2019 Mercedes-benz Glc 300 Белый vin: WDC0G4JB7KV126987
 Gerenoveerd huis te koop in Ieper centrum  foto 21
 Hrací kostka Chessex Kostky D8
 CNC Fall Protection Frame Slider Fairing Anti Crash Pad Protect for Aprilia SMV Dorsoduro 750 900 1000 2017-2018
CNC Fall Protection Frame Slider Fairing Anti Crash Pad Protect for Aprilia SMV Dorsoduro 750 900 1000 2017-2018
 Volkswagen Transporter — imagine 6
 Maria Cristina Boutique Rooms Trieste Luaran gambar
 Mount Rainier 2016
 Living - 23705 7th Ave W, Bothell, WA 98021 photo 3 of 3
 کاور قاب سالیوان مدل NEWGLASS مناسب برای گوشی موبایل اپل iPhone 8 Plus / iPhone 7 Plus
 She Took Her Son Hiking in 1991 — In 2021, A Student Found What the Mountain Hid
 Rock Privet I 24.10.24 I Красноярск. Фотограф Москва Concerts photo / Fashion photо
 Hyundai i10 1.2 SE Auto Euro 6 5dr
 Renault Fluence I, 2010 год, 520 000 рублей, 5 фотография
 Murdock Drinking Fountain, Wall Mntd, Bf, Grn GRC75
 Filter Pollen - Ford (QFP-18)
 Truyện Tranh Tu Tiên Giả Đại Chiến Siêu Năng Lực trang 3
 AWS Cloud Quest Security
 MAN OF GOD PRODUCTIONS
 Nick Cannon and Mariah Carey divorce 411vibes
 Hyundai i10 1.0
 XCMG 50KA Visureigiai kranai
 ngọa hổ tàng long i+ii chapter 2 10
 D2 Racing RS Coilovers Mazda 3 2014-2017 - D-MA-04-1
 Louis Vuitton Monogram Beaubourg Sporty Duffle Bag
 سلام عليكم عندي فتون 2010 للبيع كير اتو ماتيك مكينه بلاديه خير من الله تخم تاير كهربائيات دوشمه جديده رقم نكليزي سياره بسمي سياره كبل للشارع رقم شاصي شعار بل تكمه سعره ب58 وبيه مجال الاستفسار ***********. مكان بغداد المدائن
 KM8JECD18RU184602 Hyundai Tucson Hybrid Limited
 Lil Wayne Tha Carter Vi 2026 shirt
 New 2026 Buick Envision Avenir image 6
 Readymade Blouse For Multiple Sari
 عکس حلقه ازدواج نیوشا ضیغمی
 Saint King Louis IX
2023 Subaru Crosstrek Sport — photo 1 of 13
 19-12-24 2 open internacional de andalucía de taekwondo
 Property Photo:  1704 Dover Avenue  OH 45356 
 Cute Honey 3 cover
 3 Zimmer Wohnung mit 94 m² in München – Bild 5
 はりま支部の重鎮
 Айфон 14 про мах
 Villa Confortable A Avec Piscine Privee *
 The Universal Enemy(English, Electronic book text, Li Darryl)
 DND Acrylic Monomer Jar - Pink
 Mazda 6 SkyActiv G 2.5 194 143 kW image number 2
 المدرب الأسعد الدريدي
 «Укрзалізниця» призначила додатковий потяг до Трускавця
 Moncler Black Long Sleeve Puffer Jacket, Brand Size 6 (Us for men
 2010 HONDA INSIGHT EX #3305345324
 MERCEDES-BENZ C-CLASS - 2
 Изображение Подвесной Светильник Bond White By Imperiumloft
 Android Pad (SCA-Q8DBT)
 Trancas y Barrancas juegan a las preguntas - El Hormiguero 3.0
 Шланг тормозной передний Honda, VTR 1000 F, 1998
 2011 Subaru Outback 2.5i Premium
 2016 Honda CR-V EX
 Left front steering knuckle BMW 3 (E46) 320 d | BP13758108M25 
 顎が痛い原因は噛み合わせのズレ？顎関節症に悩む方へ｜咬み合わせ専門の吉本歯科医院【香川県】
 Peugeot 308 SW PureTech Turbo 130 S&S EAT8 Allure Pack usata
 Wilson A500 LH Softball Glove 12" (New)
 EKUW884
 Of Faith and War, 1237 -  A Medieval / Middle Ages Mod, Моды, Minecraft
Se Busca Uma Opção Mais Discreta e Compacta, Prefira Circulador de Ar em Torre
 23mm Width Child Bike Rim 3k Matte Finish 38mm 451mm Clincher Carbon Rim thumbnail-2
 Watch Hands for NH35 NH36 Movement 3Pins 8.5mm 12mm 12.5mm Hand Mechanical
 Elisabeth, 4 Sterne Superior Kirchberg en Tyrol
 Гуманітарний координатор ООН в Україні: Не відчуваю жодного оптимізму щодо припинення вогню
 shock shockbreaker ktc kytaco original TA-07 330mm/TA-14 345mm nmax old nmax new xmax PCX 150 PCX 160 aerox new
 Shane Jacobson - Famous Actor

-----

THE PROBLEM –
Write the whole listing out again exactly.

TASK ANSWER –
2019 Mercedes-benz Glc 300 Белый vin: WDC0G4JB7KV126987
 Gerenoveerd huis te koop in Ieper centrum  foto 21
 Hrací kostka Chessex Kostky D8
 CNC Fall Protection Frame Slider Fairing Anti Crash Pad Protect for Aprilia SMV Dorsoduro 750 900 1000 2017-2018
CNC Fall Protection Frame Slider Fairing Anti Crash Pad Protect for Aprilia SMV Dorsoduro 750 900 1000 2017-2018
 Volkswagen Transporter — imagine 6
 Maria Cristina Boutique Rooms Trieste Luaran gambar
 Mount Rainier 2016
 Living - 23705 7th Ave W, Bothell, WA 98021 photo 3 of 3
 کاور قاب سالیوان مدل NEWGLASS مناسب برای گوشی موبایل اپل iPhone 8 Plus / iPhone 7 Plus
 She Took Her Son Hiking in 1991 — In 2021, A Student Found What the Mountain Hid
 Rock Privet I 24.10.24 I Красноярск. Фотограф Москва Concerts photo / Fashion photо
 Hyundai i10 1.2 SE Auto Euro 6 5dr
 Renault Fluence I, 2010 год, 520 000 рублей, 5 фотография
 Murdock Drinking Fountain, Wall Mntd, Bf, Grn GRC75
 Filter Pollen - Ford (QFP-18)
 Truyện Tranh Tu Tiên Giả Đại Chiến Siêu Năng Lực trang 3
 AWS Cloud Quest Security
 MAN OF GOD PRODUCTIONS
 Nick Cannon and Mariah Carey divorce 411vibes
 Hyundai i10 1.0
 XCMG 50KA Visureigiai kranai
 ngọa hổ tàng long i+ii chapter 2 10
 D2 Racing RS Coilovers Mazda 3 2014-2017 - D-MA-04-1
 Louis Vuitton Monogram Beaubourg Sporty Duffle Bag
 سلام عليكم عندي فتون 2010 للبيع كير اتو ماتيك مكينه بلاديه خير من الله تخم تاير كهربائيات دوشمه جديده رقم نكليزي سياره بسمي سياره كبل للشارع رقم شاصي شعار بل تكمه سعره ب58 وبيه مجال الاستفسار ***********. مكان بغداد المدائن
 KM8JECD18RU184602 Hyundai Tucson Hybrid Limited
 Lil Wayne Tha Carter Vi 2026 shirt
 New 2026 Buick Envision Avenir image 6
 Readymade Blouse For Multiple Sari
 عکس حلقه ازدواج نیوشا ضیغمی
 Saint King Louis IX
2023 Subaru Crosstrek Sport — photo 1 of 13
 19-12-24 2 open internacional de andalucía de taekwondo
 Property Photo:  1704 Dover Avenue  OH 45356 
 Cute Honey 3 cover
 3 Zimmer Wohnung mit 94 m² in München – Bild 5
 はりま支部の重鎮
 Айфон 14 про мах
 Villa Confortable A Avec Piscine Privee *
 The Universal Enemy(English, Electronic book text, Li Darryl)
 DND Acrylic Monomer Jar - Pink
 Mazda 6 SkyActiv G 2.5 194 143 kW image number 2
 المدرب الأسعد الدريدي
 «Укрзалізниця» призначила додатковий потяг до Трускавця
 Moncler Black Long Sleeve Puffer Jacket, Brand Size 6 (Us for men
 2010 HONDA INSIGHT EX #3305345324
 MERCEDES-BENZ C-CLASS - 2
 Изображение Подвесной Светильник Bond White By Imperiumloft
 Android Pad (SCA-Q8DBT)
 Trancas y Barrancas juegan a las preguntas - El Hormiguero 3.0
 Шланг тормозной передний Honda, VTR 1000 F, 1998
 2011 Subaru Outback 2.5i Premium
 2016 Honda CR-V EX
 Left front steering knuckle BMW 3 (E46) 320 d | BP13758108M25 
 顎が痛い原因は噛み合わせのズレ？顎関節症に悩む方へ｜咬み合わせ専門の吉本歯科医院【香川県】
 Peugeot 308 SW PureTech Turbo 130 S&S EAT8 Allure Pack usata
 Wilson A500 LH Softball Glove 12" (New)
 EKUW884
 Of Faith and War, 1237 -  A Medieval / Middle Ages Mod, Моды, Minecraft
Se Busca Uma Opção Mais Discreta e Compacta, Prefira Circulador de Ar em Torre
 23mm Width Child Bike Rim 3k Matte Finish 38mm 451mm Clincher Carbon Rim thumbnail-2
 Watch Hands for NH35 NH36 Movement 3Pins 8.5mm 12mm 12.5mm Hand Mechanical
 Elisabeth, 4 Sterne Superior Kirchberg en Tyrol
 Гуманітарний координатор ООН в Україні: Не відчуваю жодного оптимізму щодо припинення вогню
 shock shockbreaker ktc kytaco original TA-07 330mm/TA-14 345mm nmax old nmax new xmax PCX 150 PCX 160 aerox new
 Shane Jacobson - Famous Actor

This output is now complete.